We could also get the same result by fitting a ridge regression model with a very large value of \(\lambda\). Note that 1e10 means \(10^{10}\).

> ridge.pred <- predict(ridge.mod, s = 1e10, newx = x[test,])
> mean((ridge.pred - y.test)^2)
[1] 224669.8

So fitting a ridge regression model with \(\lambda = 4\) leads to a much lower test \(MSE\) (142199) than fitting a model with just an intercept. We now check whether there is any benefit to performing ridge regression with \(\lambda = 4\) instead of just performing least squares regression. Recall that least squares is simply ridge regression with \(\lambda = 0\).

ridge.pred <- predict(ridge.mod, s = 0, newx = x[test,], exact = T, x = x[train,], y = y[train])
mean((ridge.pred - y.test)^2)
[1] 168588.6
lm(y ~ x, subset = train)
predict(ridge.mod, s = 0, exact = T, type = "coefficients", x = x[train,], y = y[train])[1:20,]

In general, if we want to fit a (unpenalized) least squares model, then we should use the lm() function, since that function provides more useful outputs, such as standard errors and p-values for the coefficients.
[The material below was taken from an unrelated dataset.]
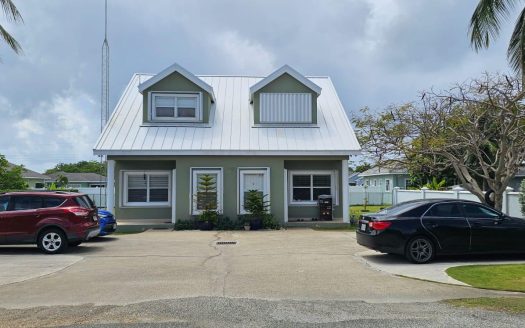 DUPLEX INVESTMENT PROPERTY – AURORA DRIVE, WEST BAY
Note: In order for glmnet() to yield the exact least squares coefficients when \(\lambda = 0\), we use the argument exact=T when calling the predict() function. Otherwise, the predict() function will interpolate over the grid of \(\lambda\) values used in fitting the glmnet() model, yielding approximate results. When we use exact=T, there remains a slight discrepancy in the third decimal place between the output of glmnet() when \(\lambda = 0\) and the output of lm(); this is due to numerical approximation on the part of glmnet().

MC1:
A ridge regression model with \(\lambda = 4\) leads to a lower \(MSE\) than a regular least squares regression model. Therefore we can conclude that introducing a small bias on how the model is fit on the training data, reduces the variance of the model. In other words, by starting with a slightly worse fit, ridge regression provides better predictions on unseen data.